**Instructions to follow**
Leave the pictures out, and transcribe the material below exactly from the line with "A pair of cornelian, ruby, sapphire" to the line with "1992 Pro Set - HOF 2000 #6 Joe Montana Back", both lines included.

________________

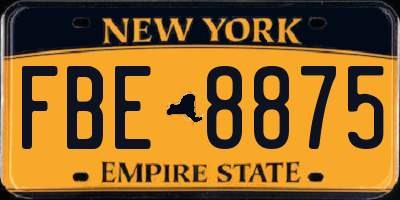 NY license plate FBE8875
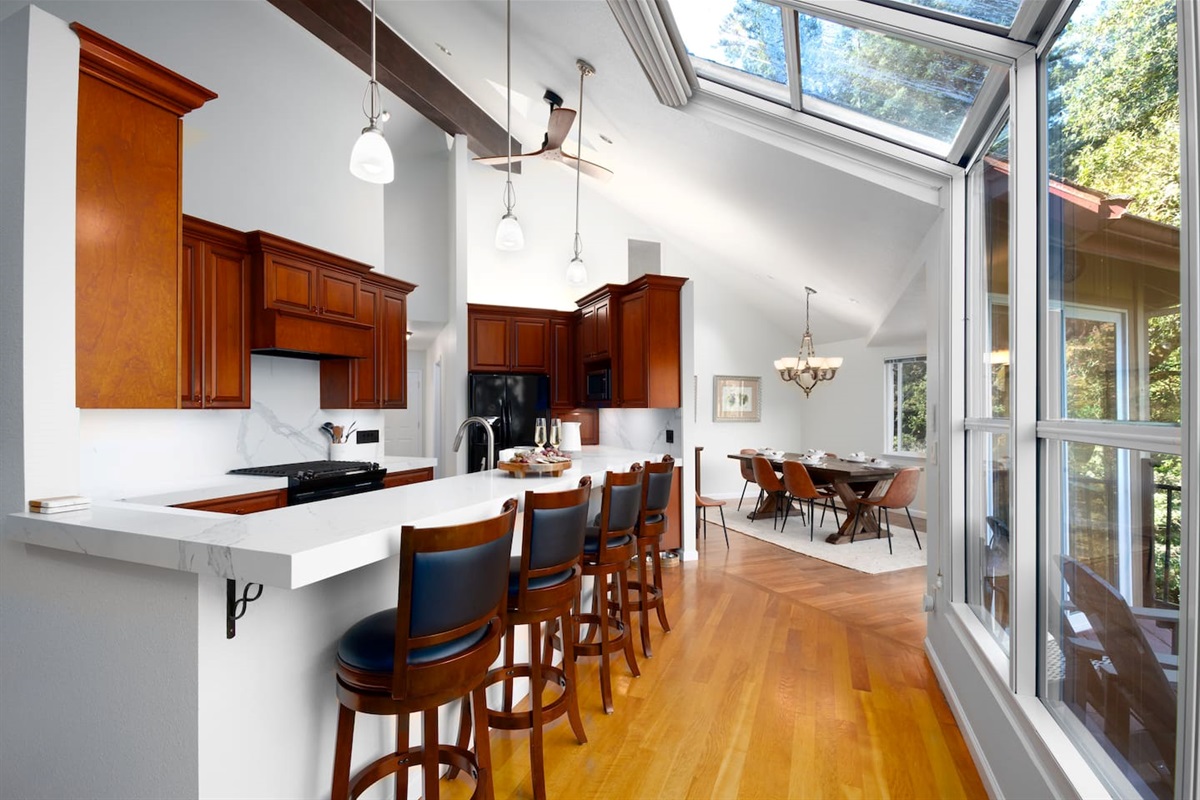 Pull up a stool & savor your favorite meal or drink at our chic kitchen counter.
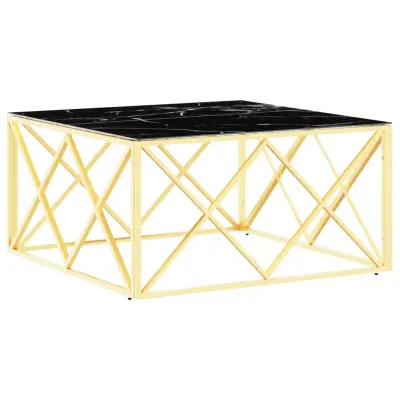 vidaXL Klubska mizica zlata 80x80x40 cm nerjaveče jeklo in steklo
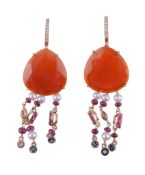 A pair of cornelian, ruby, sapphire and diamond earrings,   the ovoid shaped facetted cornelian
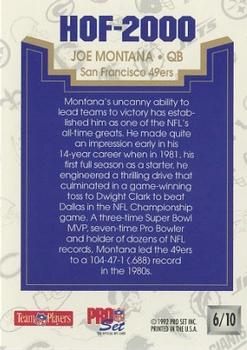 1992 Pro Set - HOF 2000 #6 Joe Montana Back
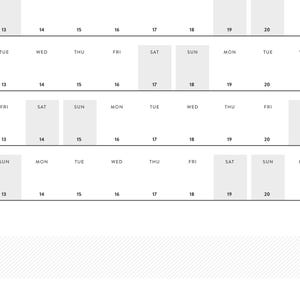 May include: A minimalist calendar grid with rows of dates and days of the week. The numbers 13 through 21 are displayed across the top of each row. Days of the week are abbreviated. The calendar is in shades of gray and white.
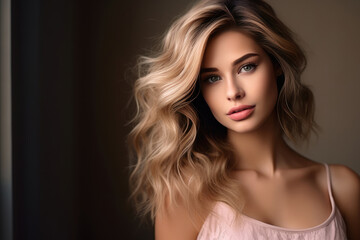 Fototapeta premium Woman With Blonde Hair And Blue Eyes. Сoncept Blonde Hair Care, Blue Eyes Psychology, Womens Style, Beauty Tips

________________

**Response area**
 A pair of cornelian, ruby, sapphire and diamond earrings,   the ovoid shaped facetted cornelian
 1992 Pro Set - HOF 2000 #6 Joe Montana Back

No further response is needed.